Endoscopic anatomical study on anterior communicating artery aneurysm surgery by endonasal transphenoidal approach

The study provide the anatomic basis for endonasal transphenoidal approach of anterior
communicating artery aneurysm clipping by neuroendoscopy. The approach is significant
and can be applied to clinic widely for several reasons: Firstly, endonasal transphenoidal
approach by neuroendoscopy is more minimally invasive, and it can both relieve the
pain and shorten the hospitalization time, most of all, it can reduce the postoperative
complications. Secondly, neuroedoscopy can provide a more broad and clear surgical
field, which can be safer than microscope operative surgery. Thirdly, the rupture
of intracranial aneurysm occupies the third in cerebral vascular accident, second
to cerebral thrombosis and cerebral hemorrhage of hypertension. According to statistics,
more than 80 % of spontaneous subarachnoid hemorrhage is caused by aneurysm rupture.
While accident of anterior communicating artery aneurysm is about 35 % of intracranial
aneurysms 6], 7].

Anterior communicating artery has important physiological functions, it can balance
and compensate blood flow between bilateral hemispheres. Anterior communicating artery
is adjacent to the third ventricle, hypothalamus, optic chiasm, and Heubner artery
and other important structures. If any important structure injured in surgery, it
can lead to serious complications, such as dysfunction, coma or even death. The most
popular craniotomy approach for anterior communicating artery aneurysm is pterional
and interhemispheric approach. Pterional approach is fit for exposing A1 and blocking
blood flow conveniently in surgery.
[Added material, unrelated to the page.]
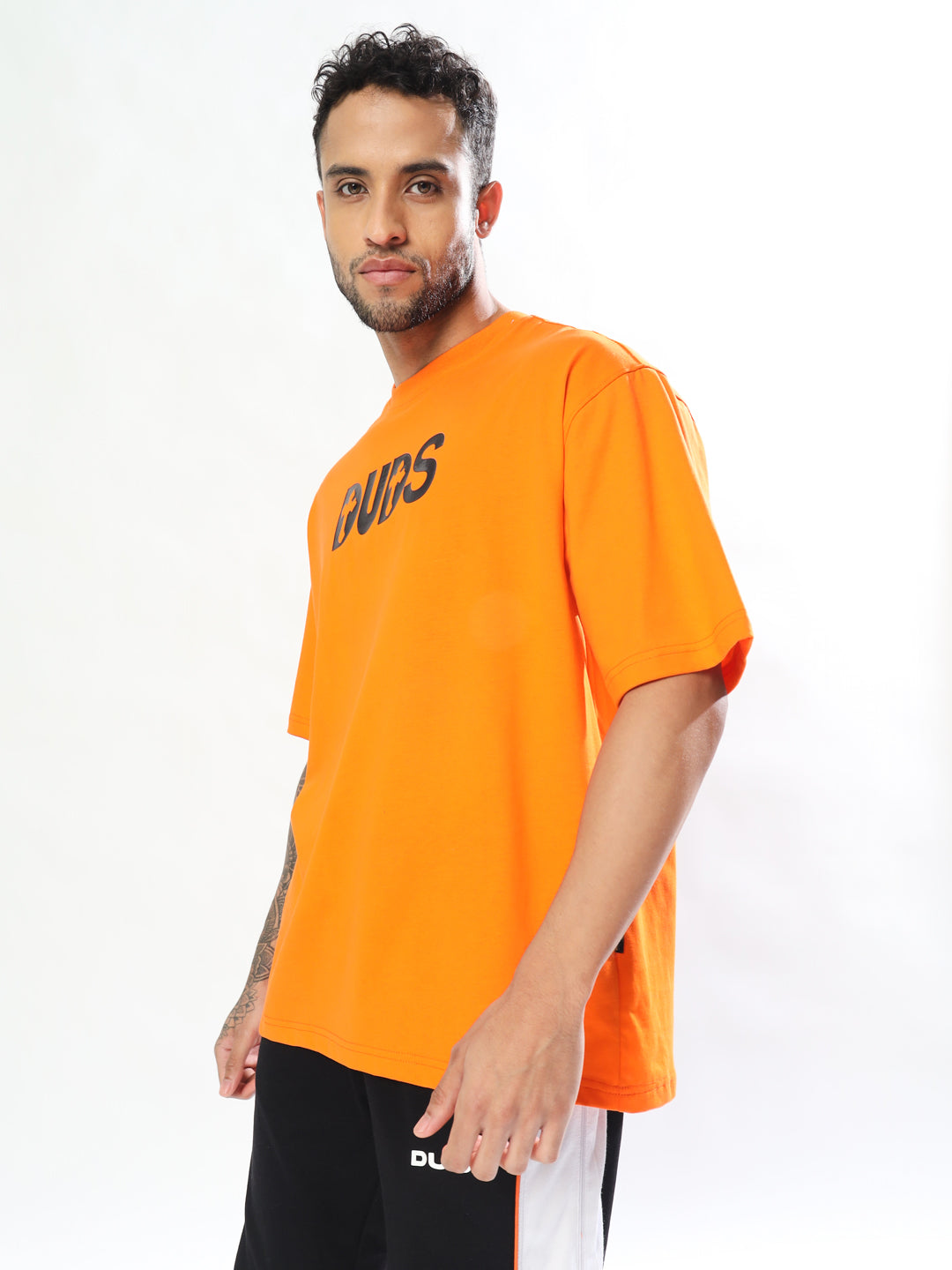 Only God Can Judge Me Over-Sized T-Shirt (Orange)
Interhemispheric approach is fit for anterior
communicating artery aneurysm pointing to the rear and front. Both of them have their
limitations and surgical injury. The pterional requires separation of sylvian fissure,
pulling the frontal lobe, or even removal of part gyrus rectus to complete the surgery,
and damage to gyrus rectus can cause the recent memory impairment 8]. Li JP, Zhao JZ and Wang S report 59 patients with surgical clipping of anterior
communicating artery aneurysm of which 12 (20.34 %) patients have different parts
of the brain tissue infarction 9].

In recent years, as the endoscopic techniques become mature and the equipments improve
better, we find that transsphenoidal surgery is much better than craniotomy 10], and begin to resect sellar tumors transsphenoidal approach with neuroendoscopy 11]–14]. Based on anatomical study, we found that it is easy to get to the sellar region
and observe the important structures clearly. There are several advantages of endoscopic
endonasal transphenoidal surgery for anterior communicating artery aneurysm. Firstly,
avoid scars caused by craniotomy. Secondly, no need to stretch or resect the brain.
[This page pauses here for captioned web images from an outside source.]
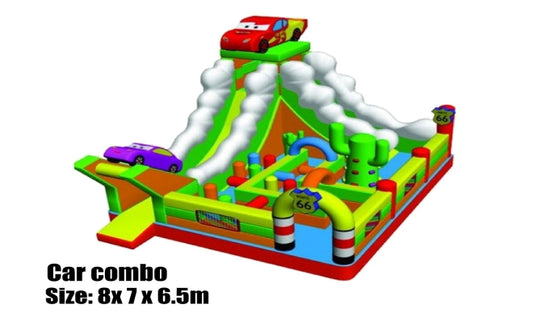 Car Combo Bouncy Dubai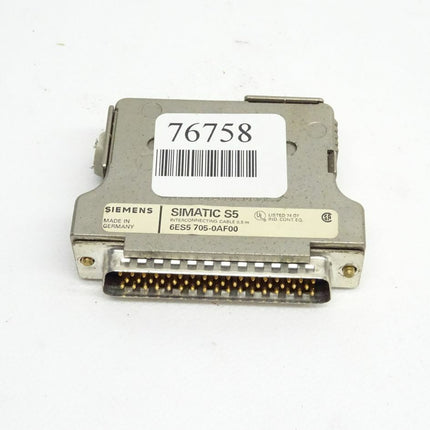 Siemens SIMATIC S5 6ES5705-0AF00 / 6ES5 705-0AF00 Interconnecting Cable 0,5 m - Maranos.de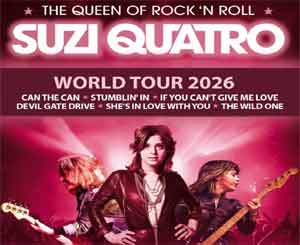 Suzi Quatro Leipzig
Thirdly, by neuroendoscopy we can clearly observe the optic nerve, optic chiasm, cisterna
lamina terminalis, bilateral arteriae cerebri anterior, part of frontal lobe gyri
rectus and the anterior communicating artery complex. So after blocking A1 of anterior
cerebral artery, we can clearly see the anterior communicating artery complex and
clip the aneurysm safely. But there are also some problems of the endoscopic endonasal
transphenoidal surgery for clipping of anterior communicating artery aneurysm. Firstly,
Postoperative cerebrospinal fluid rhinorrhea: The closure of dura is very important
in operation, despite the skull base reconstruction can prevent the occurrence of
cerebrospinal fluid rhinorrhea 15], inevitably some patients still have this complication. For these patients, we can
take some measures, such as lumbosacral cerebrospinal fluid external drainage, strengthen
anti-infective therapy, most of them can be cured. If these treatments were ineffective,
cerebrospinal fluid rhinorrhea repair can be considered. Secondly, select indications
for surgery strictly. If the top of anterior communicating artery aneurysm points
to anterior inferior, this surgical approach can get to the top of anterior communicating
artery aneurysm firstly, so it is difficult to control bleeding when the aneurysm
rupture. If the top of anterior communicating artery aneurysm points to posterosuperior,
it is difficult to see the surrounding vital structures of aneurysm. If decompressive
craniectomy or haematoma elimination is needed, we should consider carefully in accordance
with the patient. Thirdly, it is difficult to control bleeding, so cooperation and
special equipments should be required in surgery. Such as special plier can help place
aneurysm clip on it, and endoscope holder can help liberate the hands of operator.